The 17th of Tamuz, (Tuesday, July 23, 2024, is a bad day all around for Jews.

The Talmud, (Tractate Ta'anit 26b, the Mishnah 4:6), lists five tragedies that befell the Jewish people on Shiva Asar B'Tamuz.

1. It all started way back at Har Sinai when Moshe went up the mountain for forty days.

The Bnei Yisroel panicked when they miscalculated his return by one day. By the time Moshe returned only hours later, he had been replaced by the Eigel Hazahav (Golden Calf)!.

Upon seeing this idol, Moshe dropped the Luchot, the tablets containing the Aseret Hadibrot (the Ten Commandments) from his hands, breaking them into pieces. (Shmot 32:19)

2. Despite the Babylonian siege of Yerushalayim, the two daily sacrifices of the Korban Tamid in the first Bait Hamikdash, were carried out as long as there were sheep to sacrifice.

It was on this date, however, Shiva Asar B'Tamuz, that the Kohanim finally ran out of sheep and the sacrifices stopped.

3. The next year, 3184 (586 BCE), after months of seige by the wicked Nebuchadnezzar's army, the walls of Yerushalayim were finally breached, a prelude to the destruction of Yerushalayim and the Bait Hamikdash.

In the time of the second Bait Hamikdash, 3760 ( 70 CE), Titus, the Roman General breached the walls of the holy city of Yerushalayim leading to the destruction of the Second Bait Hamikdash.

These breaks came after many months during which the city's residents suffered extreme hardships, sickness and hunger.

4. In the time of the Roman occupation, the wicked heathen Apostomos, captain of the Roman forces, publicly burned a Torah during the period preceding the destruction of the Second Bait Hamikdash. Apostomos also placed an idol in the sanctuary.

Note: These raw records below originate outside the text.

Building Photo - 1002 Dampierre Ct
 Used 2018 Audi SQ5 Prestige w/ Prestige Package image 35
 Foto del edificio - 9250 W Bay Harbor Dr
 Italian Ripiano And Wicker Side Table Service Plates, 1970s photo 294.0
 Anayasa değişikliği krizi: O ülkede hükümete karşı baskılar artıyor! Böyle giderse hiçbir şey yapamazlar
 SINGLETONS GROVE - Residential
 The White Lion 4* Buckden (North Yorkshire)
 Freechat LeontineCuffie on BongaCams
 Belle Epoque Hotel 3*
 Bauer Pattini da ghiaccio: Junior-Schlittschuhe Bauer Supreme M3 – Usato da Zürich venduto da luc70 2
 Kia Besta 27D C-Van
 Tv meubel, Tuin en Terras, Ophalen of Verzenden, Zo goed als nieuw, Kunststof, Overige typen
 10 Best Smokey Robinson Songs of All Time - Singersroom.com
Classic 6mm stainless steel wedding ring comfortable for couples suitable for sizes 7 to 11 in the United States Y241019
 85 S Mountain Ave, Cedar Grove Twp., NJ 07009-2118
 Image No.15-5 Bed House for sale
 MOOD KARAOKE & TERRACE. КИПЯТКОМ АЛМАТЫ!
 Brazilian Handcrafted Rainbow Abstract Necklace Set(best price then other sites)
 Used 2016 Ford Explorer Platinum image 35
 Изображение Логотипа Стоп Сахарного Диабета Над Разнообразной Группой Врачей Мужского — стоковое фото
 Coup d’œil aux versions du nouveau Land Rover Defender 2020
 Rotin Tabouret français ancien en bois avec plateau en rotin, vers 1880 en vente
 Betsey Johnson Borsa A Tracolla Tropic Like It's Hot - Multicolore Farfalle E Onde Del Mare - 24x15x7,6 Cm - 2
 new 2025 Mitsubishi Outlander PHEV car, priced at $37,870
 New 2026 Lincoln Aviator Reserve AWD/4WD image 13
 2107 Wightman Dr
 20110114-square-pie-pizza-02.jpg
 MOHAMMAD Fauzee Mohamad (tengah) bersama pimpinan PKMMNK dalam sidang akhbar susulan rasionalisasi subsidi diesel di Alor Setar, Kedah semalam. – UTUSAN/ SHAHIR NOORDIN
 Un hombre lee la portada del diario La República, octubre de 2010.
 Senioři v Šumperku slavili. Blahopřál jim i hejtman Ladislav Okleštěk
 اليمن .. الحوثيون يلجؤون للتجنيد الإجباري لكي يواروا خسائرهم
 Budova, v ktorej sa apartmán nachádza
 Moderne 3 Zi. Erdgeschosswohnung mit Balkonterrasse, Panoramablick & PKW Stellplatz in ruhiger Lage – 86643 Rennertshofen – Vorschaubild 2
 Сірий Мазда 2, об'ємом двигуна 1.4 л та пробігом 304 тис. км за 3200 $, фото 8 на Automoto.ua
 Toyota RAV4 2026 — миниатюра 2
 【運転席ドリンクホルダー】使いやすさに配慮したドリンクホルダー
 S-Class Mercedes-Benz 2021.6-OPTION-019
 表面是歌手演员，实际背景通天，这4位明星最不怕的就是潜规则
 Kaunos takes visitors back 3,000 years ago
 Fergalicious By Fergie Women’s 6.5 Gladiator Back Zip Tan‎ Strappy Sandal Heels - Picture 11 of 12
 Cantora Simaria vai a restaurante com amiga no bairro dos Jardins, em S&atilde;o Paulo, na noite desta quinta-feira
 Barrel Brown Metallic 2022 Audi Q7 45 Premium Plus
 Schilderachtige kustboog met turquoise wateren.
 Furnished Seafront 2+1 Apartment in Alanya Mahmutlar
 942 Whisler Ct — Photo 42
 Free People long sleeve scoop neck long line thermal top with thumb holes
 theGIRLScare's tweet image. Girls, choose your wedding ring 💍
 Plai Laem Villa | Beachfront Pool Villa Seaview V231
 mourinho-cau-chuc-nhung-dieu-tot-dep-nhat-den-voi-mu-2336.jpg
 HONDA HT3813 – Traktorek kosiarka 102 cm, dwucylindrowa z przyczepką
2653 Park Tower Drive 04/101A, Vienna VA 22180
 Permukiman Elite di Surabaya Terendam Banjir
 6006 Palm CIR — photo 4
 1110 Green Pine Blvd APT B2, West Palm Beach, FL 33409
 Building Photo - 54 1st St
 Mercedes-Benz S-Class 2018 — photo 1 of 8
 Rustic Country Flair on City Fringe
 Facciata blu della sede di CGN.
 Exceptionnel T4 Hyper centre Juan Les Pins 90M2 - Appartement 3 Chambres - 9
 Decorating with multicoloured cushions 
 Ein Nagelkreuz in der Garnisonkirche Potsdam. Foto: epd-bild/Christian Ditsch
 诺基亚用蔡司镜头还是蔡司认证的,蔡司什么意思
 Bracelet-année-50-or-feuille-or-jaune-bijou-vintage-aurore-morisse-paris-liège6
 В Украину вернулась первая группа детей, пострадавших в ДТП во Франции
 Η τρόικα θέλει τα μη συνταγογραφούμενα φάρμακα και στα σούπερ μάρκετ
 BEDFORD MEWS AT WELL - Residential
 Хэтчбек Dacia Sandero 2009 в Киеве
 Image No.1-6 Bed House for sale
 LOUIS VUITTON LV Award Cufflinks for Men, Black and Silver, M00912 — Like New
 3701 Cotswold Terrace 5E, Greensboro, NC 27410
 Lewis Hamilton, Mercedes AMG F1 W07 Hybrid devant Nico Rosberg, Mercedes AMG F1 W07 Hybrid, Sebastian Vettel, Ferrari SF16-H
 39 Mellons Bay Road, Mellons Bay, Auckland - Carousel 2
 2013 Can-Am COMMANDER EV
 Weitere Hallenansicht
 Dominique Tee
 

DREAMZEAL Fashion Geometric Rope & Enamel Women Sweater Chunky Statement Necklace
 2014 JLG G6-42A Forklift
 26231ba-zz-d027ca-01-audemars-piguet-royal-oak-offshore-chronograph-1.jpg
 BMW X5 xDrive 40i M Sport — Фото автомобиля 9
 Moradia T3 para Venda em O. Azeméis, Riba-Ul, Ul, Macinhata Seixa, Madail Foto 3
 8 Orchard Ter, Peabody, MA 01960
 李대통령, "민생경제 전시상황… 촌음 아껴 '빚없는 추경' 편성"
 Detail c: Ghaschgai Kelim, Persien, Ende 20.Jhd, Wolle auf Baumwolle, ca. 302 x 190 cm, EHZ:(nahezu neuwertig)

5. The evil King Menashe placed an idol in the Kodesh Kedoshim, an act of open blasphemy and desecration. (Melachim II 21:7)

Since these tragedies occurred on Shiva Asar B'Tamuz, our Sages designated the 17th day of Tamuz as a communal fast day, to be inspired to do Tshuva (repent).


Other tragedies befell the Jewish people on the 17th of Tamuz.

In 1239, Pope Gregory IX ordered the confiscation of all manuscripts of the Talmud.

In 1391, more than 4,000 Spanish Jews were killed in Toledo and Jaen, Spain.

In 1559 the Jewish Quarter of Prague was burned and looted.

In 1944, the entire population of the Kovno ghetto was sent to the death camps.

In 1970, Libya ordered the confiscation of all Jewish property.


- The fast of Shiva Asar B'Tamuz only starts from the break of dawn and ends at nightfall. (Consult a reliable Jewish calendar for the times in your area.)

- One who is ill need not fast at all. Pregnant and nursing mothers can observe the fast with lenience. One should consult with a rabbi whether they are permitted to fast.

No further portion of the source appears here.